Но он вдруг резко выпрямился в кресле и отложил металлический круг в сторону.
– О, Чарли, ну что за глупости, – сказала Странная Птица все тем же женским голосом. – Сначала мы отделяем близлежащие ткани от сердца и легких, затем с осторожностью вводим устройство в боковую часть аорты. Затем вам нужно будет отсосать кровь. Затем вам нужно будет отсосать кровь.
– Заткнись, – сказал старик, уставившись на нее злобно-испуганно.
– Они вырвались на свободу, – сказала Странная Птица, – и заполонили лагерь. Мы не сможем прорваться. Они убьют нас.
– Я сказал, заткнись!
– Разве у нас есть выбор? Если мы их не убьем, то умрем с голоду. Неважно, насколько это неприятно, как сильно вам это не понравится, насколько вы к ним привязались…

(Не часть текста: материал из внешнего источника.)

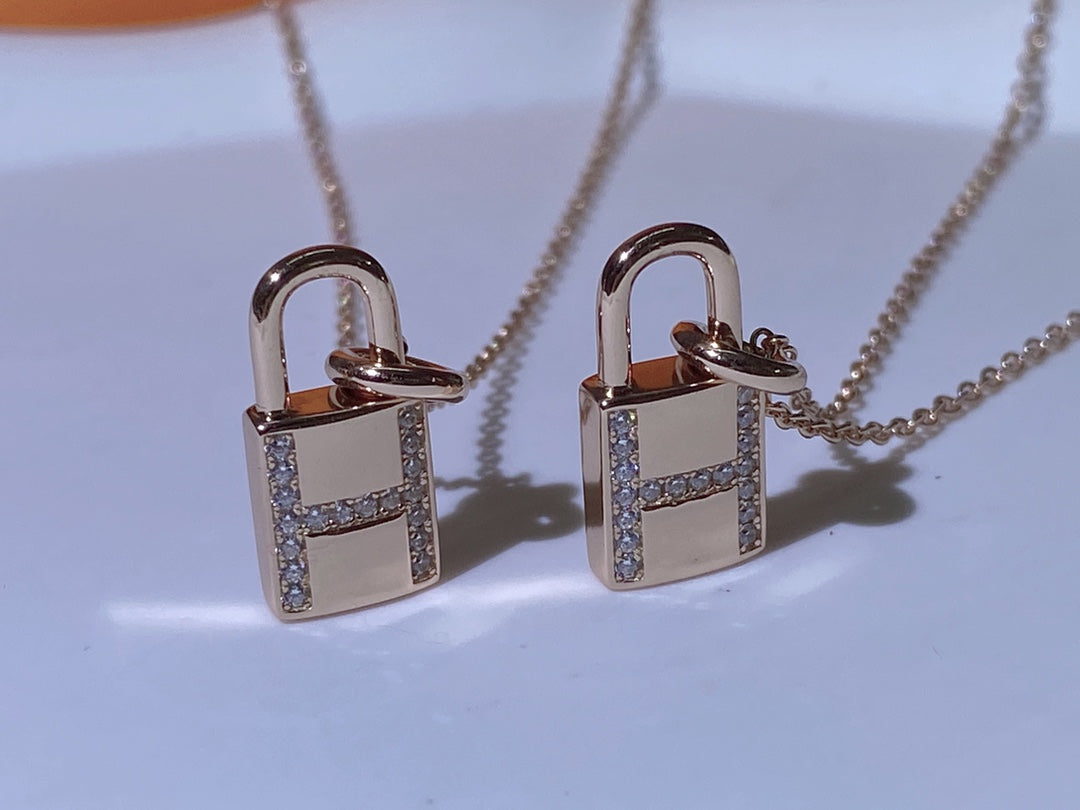 [Rosla Jewelry]HM ADVANCED NICHE LOCK HEAD NECKLACE DIAMONDS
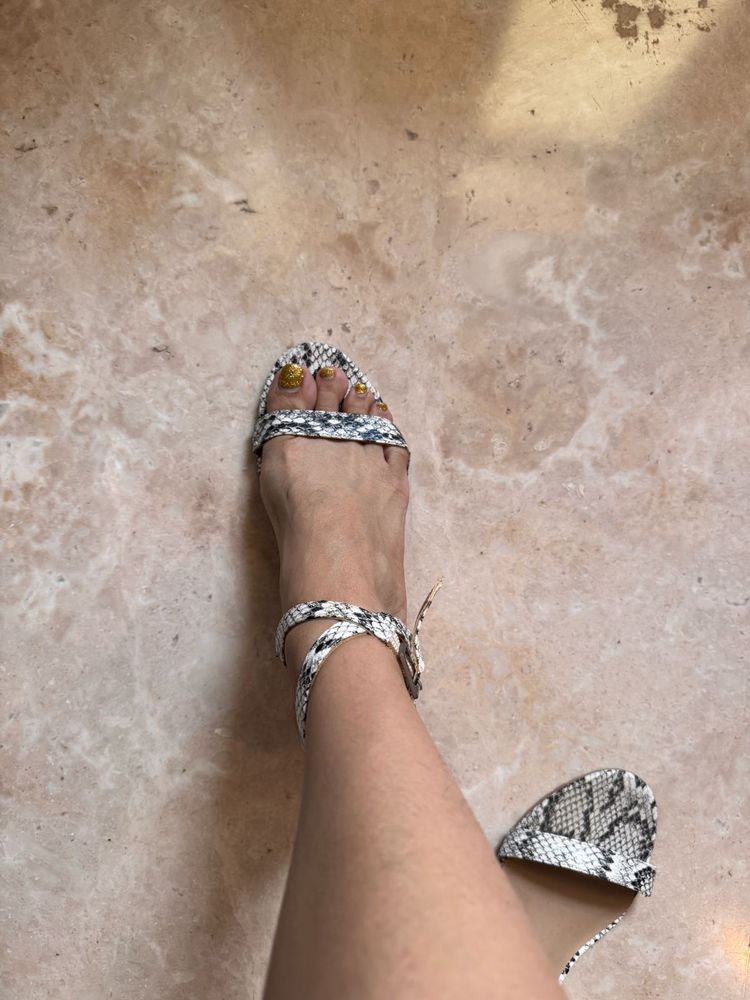 Stylish Snake Print Heeled Sandals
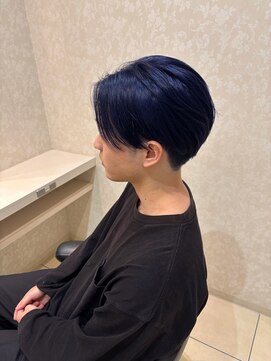 カット×ネイビーブルーカラー」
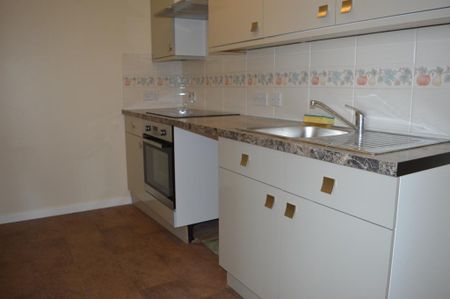 1 bedroom flat to rent - Photo 2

Старик швырнул металлический круг в прутья клетки и закричал:
– Говорю тебе – замолчи! Уймись сейчас же!
– И Птица, – продолжила Странная Птица, как будто не могла удержаться, будто была обязана передать последние слова, услышанные в Лаборатории перед побегом, голосом той женщины, что была дорога Старику. – Птица может постоять за себя. Нам нечем ее достать. Она будет сидеть наверху и бездумно пялиться на нас. – У них кончились патроны, и они на нее очень пытливо смотрели… не с той пытливостью, что присуща ученым. Все они – кроме Санджи, занятой попытками открыть воздуховод.
Птица замолчала. Старик сидел, прижавшись к решетке, дрожащий, выкативший до отказа из орбиты единственный свой глаз. Она делилась с ним, а ему было невдомек.
– Ты ничего не понимаешь, Айседора, – сказал он, рыдая, а затем шепотом выдал свой секрет, ничего хорошего ей не суливший. Секрет, при звуках которого она, может статься, не вполне понимая слова, доверилась образам – образам горшка с безвольными тушками черных горностаев, наполовину внутри, наполовину снаружи.
И никакого секрета тут не было.
– Если придется, я скорее убью тебя, Айседора, чем позволю измываться надо мной. Так что ты заткнись. Ты должна заткнуться. И никогда больше не говори таким голосом, или я убью тебя. Убью или буду держать в этой камере без еды до тех пор, пока ты с голоду не помрешь.